Si bien, desde 1501, los Reyes Católicos habían autorizado la importación de negros en América, los españoles se limitaban a conceder los asientos necesarios para la entrada de estas mercancías a intermediarios extranjeros, dueños de las factorías establecidas en África. Así desde el siglo XVI, sucesivamente la portuguesa Compañía Real de Guinea, la Compañía Francesa de Guinea y la South Sea Company abastecieron de piezas, mulecones, muleques y mulequillos a las posesiones españolas de ultramar, hasta que en 1789 dejó de ser necesario el derecho de asiento por la total libertad decretada por Carlos III para este tipo de comercio.
De todos los interesados, los portugueses fueron los primeros que lo iniciaron a gran escala, fundando factorías fortificadas como la de Sao Paulo de Luanda, al noroeste de Angola.
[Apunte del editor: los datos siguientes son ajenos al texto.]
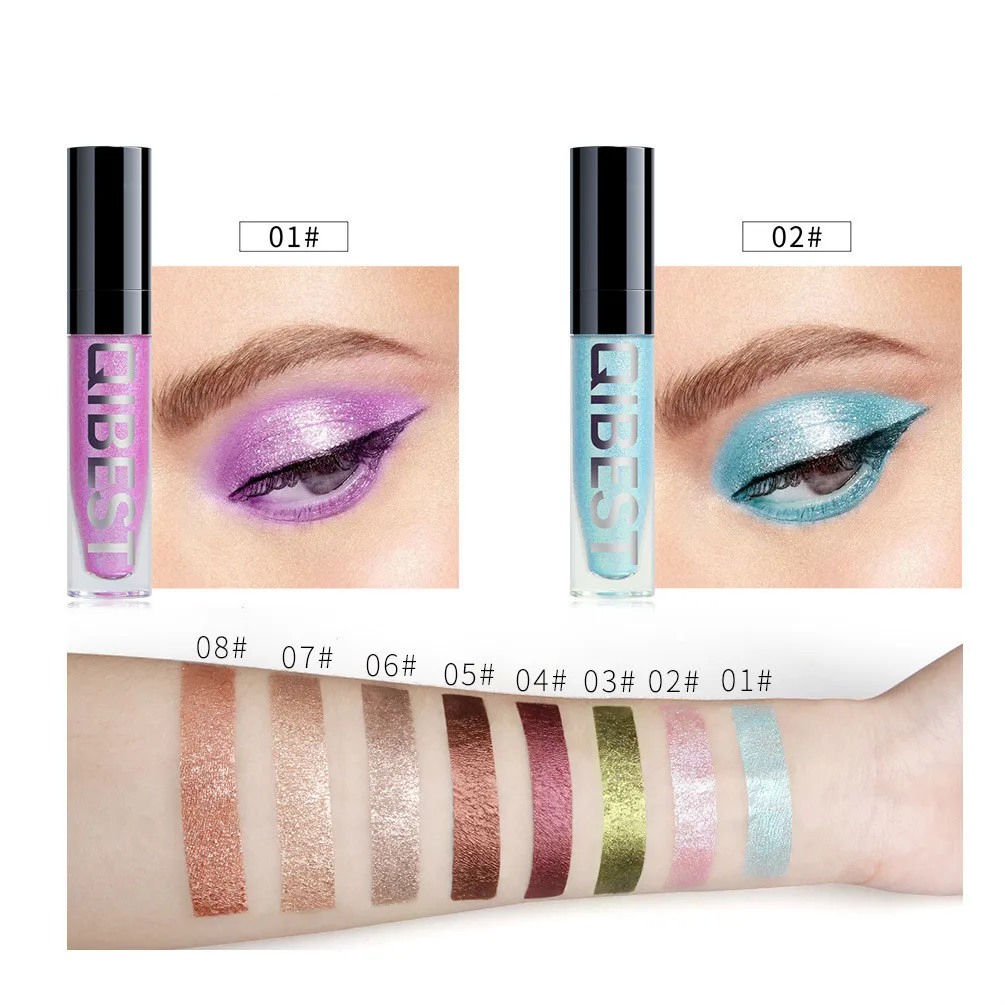 Новинка блестящие тени для век телесные карандаш водостойкие стойкие золотистые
Sobre el infortunio de los esclavos da buena cuenta el jesuita Alonso de Sandoval en su libro, de 1627, Naturaleza, Policía Sagrada y Profana, costumbres, ritos y catecismo evangélico de todos los Etíopes, en el que denuncia que en la isla de Luanda… pasan tanto trabajo y en las cadenas aherrojados tanta miseria y desventura, y el maltratamiento de comida, bebida y pasaría es tan malo, dales tanta tristeza y melancolía que viene a morir el tercio en la navegación, que dura más de dos meses. Esta clase de mercadería se contaba en destino, así que es difícil precisar el número de secuestrados, aunque se estima entre 10 y 15 millones los que arribaron a América.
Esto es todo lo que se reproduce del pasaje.